The Historical Institutional Abuse Inquiry
The Inquiry into Historical Institutional Abuse officially fulfilled its Terms of Reference on 30 June 2017 and it is now closed.
The inquiry was independent from government and had two main parts. One was the Acknowledgement Forum, whose members listened to the experiences of those who were children in residential institutions (other than schools) in Northern Ireland between 1922 and 1995.
The other part was the Statutory Inquiry, which investigated whether children suffered abuse in the same institutions between 1922 and 1995. It gathered evidence from people who said they suffered abuse in those institutions, as well as evidence from the institutions themselves, and evidence from government and other public bodies such as health and social care trusts.
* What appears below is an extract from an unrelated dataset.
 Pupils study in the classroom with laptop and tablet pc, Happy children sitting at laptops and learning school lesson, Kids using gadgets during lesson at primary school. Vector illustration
In total the Inquiry investigated 22 institutions, as well as the circumstances surrounding the sending of child migrants from Northern Ireland to Australia; and the activities of the late Father Brendan Smyth. The investigations were divided into 15 separate modules and occupied 223 days of hearings.
In its report, the Inquiry has made recommendations regarding:
- an apology
- a memorial
- additional service provision/specialist care and help for those who were abused
- a statutory Commissioner for Survivors of Institutional Childhood Abuse (COSICA)
- financial compensation to be administered by a Redress Board
- annual grant funding for the Child Migrants Trust
The final report along with findings and recommendations is available to read or download from the link below:
In the absence of a functioning Executive and without the necessary political authority, the report’s recommendations cannot be put in place yet. In the meantime, the Executive Office (TEO) has been taking forward preparatory work and has drafted legislation on the basis of the recommendations made in the HIA Inquiry’s report with regard to the establishment of a:
- Commissioner for Survivors of Institutional Childhood Abuse
- Redress Board, which would administer payments of financial compensation
- compensation scheme
TEO now intend to conduct a full 12-week public consultation on the draft legislation, which will launch soon. This consultation, which will be fully publicised online, in the press and on social media, will afford victims and survivors, and the wider public, the opportunity to provide feedback on the legislative proposals.
Further details of consultation events shall be provided here, once they have been finalised.
Appreciative of views expressed by survivors that the political stalemate has left them in ‘limbo’ with regard to the implementation of the Hart Report recommendations, the Head of the Civil Service has asked that TEO officials urgently investigate the appointment of an Interim Advocate for HIA victims and survivors. It is intended that such an appointment would ensure essential support to survivors until such times as both a statutory Commissioner may be appointed and a Redress Board established.
Officials are progressing this matter with the aim of an Interim Advocate being appointed early in 2019.
You can contact the Executive Office for an update at:
- Email HIA Implementation Branch: email@example.com
Help for victims and survivors
Advice NI, on behalf of The Executive Office (TEO), can offer advice and support to victims and survivors of historical institutional abuse help in the following areas:
- benefits and housing
- debt and personal finance
- education and further education, jobs and training
- searching for personal records
- help with reporting abuse incidents to the PSNI
If you need help urgently
If you are in distress because of historical institutional abuse, and need to speak to someone urgently you can call the Lifeline helpline.
You can call Lifeline for free on 0808 808 8000 from UK landlines and mobiles, in confidence, 24 hours a day, seven days a week
Somewhere for victims and survivors to meet and talk
The Wave Trauma Centre in Derry/Londonderry holds a drop in centre for historical institutional abuse victims and survivors every Friday. You can meet with other victims and survivors and talk over a cup of tea or coffee.
A qualified and trained counsellor is also on hand to offer extra help and support.
Reporting abuse to the PSNI
The Police Service of Northern Ireland (PSNI) has specialist units across Northern Ireland, based within Public Protection Units (PPU), who will investigate all reports of institutional abuse.
Find your nearest child abuse investigation unit, by contacting the PSNI.
Help finding information
If you are looking for information on your family history or a public record, this advice booklet is a helpful guide and the organisations below may be able to help you:
General Register Office for Northern Ireland (GRONI)
The General Register Office for Northern Ireland (GRONI) holds records of births, deaths, marriages, civil partnerships and adoptions in Northern Ireland.
There is a search room open to the public for anyone who wants to use the records to trace family members.
You can also search for records online.
Access to adoption records is more restricted. If you were adopted you can apply to see your original birth record.
Public Record Office of Northern Ireland (PRONI)
The Public Record Office holds some records which may help victims and survivors of abuse. It also has records to help you research your family tree and advice to help you start.
In general PRONI does not hold:
- records of voluntary homes
- records of homes run by religious orders - these may still be with the relevant order
- files of individual children in care – from 1947 these are held by the Social Service Departments of the Northern Ireland Health Trusts
You can search the records online or visit PRONI and search in person.